Questo è l’ultimo capitolo della tetralogia dedicata alle stagioni scritta da Alessandro Vanoli. E chiude con la stagione più intensa, più attesa e agognata, quella che noi associamo al riposo, alle ferie, alla tintarella, agli ormoni impazziti. Non lo facciamo per caso, ma perché l’estate ha subito un lungo cambiamento fino ad arrivare a ciò che è oggi. O meglio, non l’estate, ma la nostra percezione di lei.
E così arrivò infine l’estate della nostalgia
Parto da una nota di metodo. Come per gli altri capitoli, anche Estate presenta i suoi capitoli in un ordine cronologico – più o meno, ci sono qua e là digressioni, incursioni, curiosità che interrompono la diacronia. Perciò c’è già qualcosa di estraneo alla nostra concezione dell’estate e, in generale, della stagionalità. Da un lato c’è il tempo della natura, che è il tempo ciclico, che ritorna, e dall’altro il tempo dell’umano, ossessionato dal mettere tutto in fila su una linea un po’ approssimativa ma efficace.
Vanoli compie proprio un’operazione del genere: cerca di trattenere l’estate su una linea, scrivendone i cambiamenti, come abbiamo detto, nella nostra idea. Lo fa con dovizia di particolari, perché ha studiato e letto molto, ma, soprattutto, con straordinaria passione. Salvo poi che accade che questa circolarità delle stagioni – incontenibile, perché qualcosa che va oltre di noi – ogni tanto, anzi, molto spesso, straborda nella linearità, e quindi ci troviamo a compiere un viaggio che nulla ha a che fare con ciò a cui siamo abituati.
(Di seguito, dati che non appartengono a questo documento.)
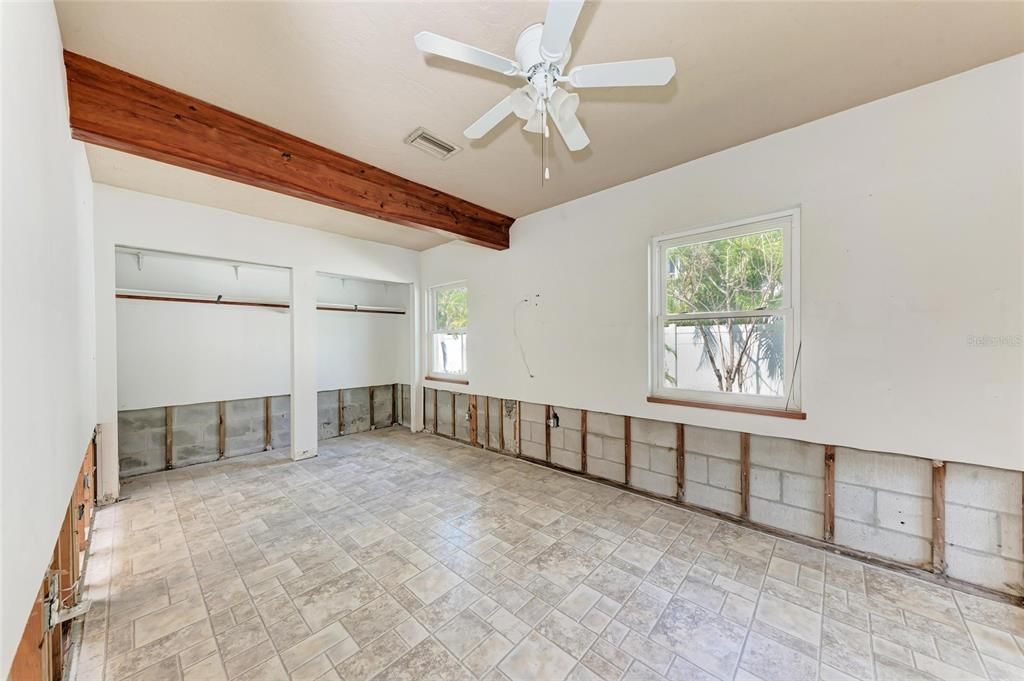 Activo con contrato: $895,000 (3 camas, 2 baños, 1020 Pies cuadrados)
Estate ci porta a spasso nel tempo e nello spazio dilatando la storia di una stagione dalle sue origini fino ai giorni nostri non con il rigore del saggio – che sarebbe stato riduttivo – ma con la forza dinamica e dirompente della conversazione. Sembra, leggendo Vanoli, di chiacchierare con lui, di ascoltarlo mentre, incalzato dalle nostre domande, ci racconta tutto ciò che la sua immensa curiosità gli ha fatto scoprire.
Forse è quasi inevitabile trovare qualche tormento nell’estate
Ci racconta perciò delle zanzare subito dopo aver citato Montesquieu, oppure dei personaggi di Shakespeare e dei fantasmi del Giappone, o degli dei greci e del significato del colore giallo in epoca romana e poi per Van Gogh. Ci descrive la reazione chimica che permette alle lucciole di brillare, ci spiega perché X Agosto di Pascoli è tanto importante e da dove arrivi la nostra voglia di vacanze. E quando e perché l’estate è diventata la preoccupazione che è adesso. Troppo lunga, troppo calda, troppo imprevedibile.